José Alencar não disse de onde teria partido a censura. O vice falou apenas que ela ‘vem, obviamente, de tudo aquilo que é contra a queda de juros’. Questionado se a censura estaria vindo de integrantes do governo federal, o vice disse, entrando no elevador e já longe dos repórteres: ‘Não’.

O ministro foi mais incisivo ao falar da origem da censura: disse que ela parte de ‘articulistas alugados, gente paga para isso’. A estratégia deles, segundo o ministro, é ‘debochar, desmoralizar’ a ‘pessoa que queira pensar sobre alternativas que não sejam essa ortodoxia que nos é imposta por esse modelo econômico’.

Alencar e Ciro Gomes participaram do seminário ‘Trabalho, Desenvolvimento Social e Crescimento Econômico’, em comemoração ao 184º aniversário da Associação Comercial do Rio de Janeiro. Eles não chegaram a se encontrar. O vice-presidente esteve na abertura do evento, de manhã. Ciro Gomes participou de um painel de discussões, à tarde.

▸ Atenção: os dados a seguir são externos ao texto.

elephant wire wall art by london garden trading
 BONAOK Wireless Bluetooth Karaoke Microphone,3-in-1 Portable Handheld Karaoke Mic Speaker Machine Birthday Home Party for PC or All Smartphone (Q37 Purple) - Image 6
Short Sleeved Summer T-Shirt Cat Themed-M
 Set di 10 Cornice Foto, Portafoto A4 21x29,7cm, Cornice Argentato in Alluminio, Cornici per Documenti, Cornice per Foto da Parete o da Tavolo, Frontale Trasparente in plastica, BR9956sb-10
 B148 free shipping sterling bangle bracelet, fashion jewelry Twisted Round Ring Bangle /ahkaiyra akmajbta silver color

Alencar surpreendeu a platéia ao falar da censura, em um improviso após discurso em que enalteceu a entidade aniversariante. Na ocasião, o vice-presidente voltou a defender a queda das taxas de juros. Ao final, foi aplaudido de pé pelos cerca de cem empresários presentes.

Censura

‘A Constituição de 1988 acabou com a censura. Exceto a censura de bater na taxa de juros existente. Essa censura existe. Eu tenho sofrido e sido vítima dessa censura. Até distorcendo o que falo’, declarou o vice-presidente.

À tarde, questionado sobre a declaração de Alencar, Ciro Gomes também afirmou que existe uma censura. ‘Eu acho também. Isso é antigo no Brasil. Disso eu não tenho a menor dúvida. Eu, por exemplo, já experimentei isso gravemente, em várias ocasiões’, afirmou o ministro.

O vice-presidente, pouco antes de reclamar da suposta censura, traçara uma espécie de histórico das condições que levaram o Brasil a ter uma taxa de juros tão alta.

Após a explanação, Alencar concluiu: ‘Nunca houve na história do Brasil maior transferência de renda oriunda da produção -o que, vale dizer, do trabalho- em benefício do sistema financeiro nacional e internacional’.

Alencar afirmou que, embora ‘não tenha grande autoridade para falar sobre isso’, por não ser economista, considera estar respaldado pela ‘experiência de meio século de vida empresarial’.

‘Todos sabem da minha origem modesta, humilde, criado no interior, na roça, de família pobre. Nem estudar direito pude. Mas sei que, enquanto as atividades produtivas não puderem remunerar com vantagem os custos de capital, não deverá haver investimento à medida que o Brasil precisa e pode em relação ao seu potencial’, disse. Alencar é dono da Coteminas, empresa do setor têxtil.

O vice-presidente foi novamente aplaudido quando narrou o que costuma acontecer a um empresário que recorre a um banco na tentativa de antecipar uma receita de venda a prazo.

‘É um despropósito um cidadão que produz levar sua duplicata a um banco estatal ou privado e pagar, na melhor das hipóteses, 35% ao ano de juros. Porque a sua atividade não vai lhe render, obviamente, um terço disso. Então, ele transfere toda a sua renda para o setor financeiro’, afirmou.’